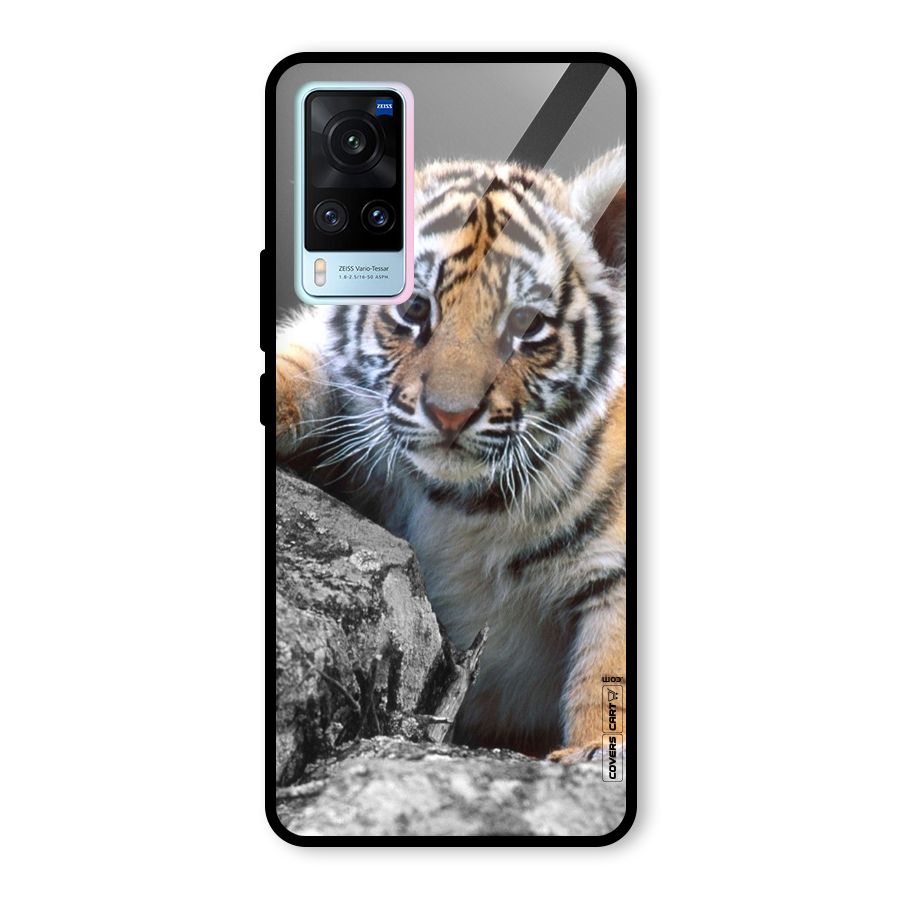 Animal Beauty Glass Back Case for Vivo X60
* * *
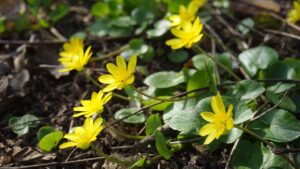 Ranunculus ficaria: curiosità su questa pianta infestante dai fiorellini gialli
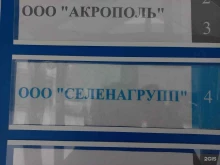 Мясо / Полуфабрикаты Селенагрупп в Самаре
* * *
** WHAT YOU HAVE TO DO **
Within the listing above, print exactly the stretch beginning at the line that contains "Ranunculus ficaria: curiosità" and finishing at the line that contains "Мясо / Полуфабрикаты Селенагрупп в Самаре", ends kept, pictures left out, and nothing more.

** WRITTEN ANSWER **
 Ranunculus ficaria: curiosità su questa pianta infestante dai fiorellini gialli
 Мясо / Полуфабрикаты Селенагрупп в Самаре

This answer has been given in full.